2
votes

I want to perform query operation in HBase to fetch records using provided list of row keys. Since Mappers in MapReduce work in parallel, so I want to use it.

Input List of row keys will be in the range of ~100000 and I have created a customInputFormat for mapper, that will give list of 1000 row keys to each mapper for querying HBase table. These queried records may or may not be present in HBase table, I want to return only those records that are present.

I have seen various examples, and what I found is that hbase table scan operation is performed to get range of rowkeys and range is specified by startingRowKey and endingRowKey, but I want to query for provided list of row keys only.

How can I do this with MapReduce? Any help is welcomed!

2
If you are okay. pls. flag-up "accepted by owner"Ram Ghadiyaram

2 Answers

1
votes

As you pass list of row keys to your mapper then you should make get requests to HBase. Every get returns data for the requested key or nothing if key doesn't exist.
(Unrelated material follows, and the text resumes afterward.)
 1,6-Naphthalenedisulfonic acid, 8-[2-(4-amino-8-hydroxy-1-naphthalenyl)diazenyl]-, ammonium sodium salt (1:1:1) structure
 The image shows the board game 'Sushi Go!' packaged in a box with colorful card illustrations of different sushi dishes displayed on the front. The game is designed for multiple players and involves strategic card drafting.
First of all you should create Table instance in the setup() method of your mapper:

private Table table;

@Override
protected void setup(Context context) throws IOException, InterruptedException {
    Configuration hbaseConfig = HBaseConfiguration.create();
    Connection conn = ConnectionFactory.createConnection(hbaseConfig);
    this.table = conn.getTable(TableName.valueOf("hbaseTable"));
}

Then you can make get requests to HBase table from map() method per every key with the help of Get and Result instances:

String key = "keyString";
Get getValue = new Get(key.getBytes());

//add column family and column qualifier if you desire
getValue.addColumn("columnFamily".getBytes(), "columnQual".getBytes());

try {
    Result result = table.get(getValue);
    if (!table.exists(getValue)) {

        //requested key doesn't exist
        return;
    }

    // do what you want with result instance 
}

And after finish of mapper's work you need to close connection to the table in the cleanup() method;

@Override
protected void cleanup(Context context) throws IOException, InterruptedException {
    table.close();
}

Moreover you are free to pass results of get requests to the reducers or use cleanup() method to combine them. It depends on your purposes only.

2
votes

You can use this kind of methods in your mapper which worked well for me it will return array of Result.

/**
     * Method getDetailRecords.
     * 
     * @param listOfRowKeys List<String>
     * @return Result[]
     * @throws IOException
     */
    private Result[] getDetailRecords(final List<String> listOfRowKeys) throws IOException {
        final HTableInterface table = HBaseConnection.getHTable(TBL_DETAIL);
        final List<Get> listOFGets = new ArrayList<Get>();
        Result[] results = null;
        try {
            for (final String rowkey : listOfRowKeys) {// prepare batch of get with row keys
   // System.err.println("get 'yourtablename', '" + saltIndexPrefix + rowkey + "'");
                final Get get = new Get(Bytes.toBytes(saltedRowKey(rowkey)));
                get.addColumn(COLUMN_FAMILY, Bytes.toBytes(yourcolumnname));
                listOFGets.add(get);
            }
            results = table.get(listOFGets);

        } finally {
            table.close();
        }
        return results;
    }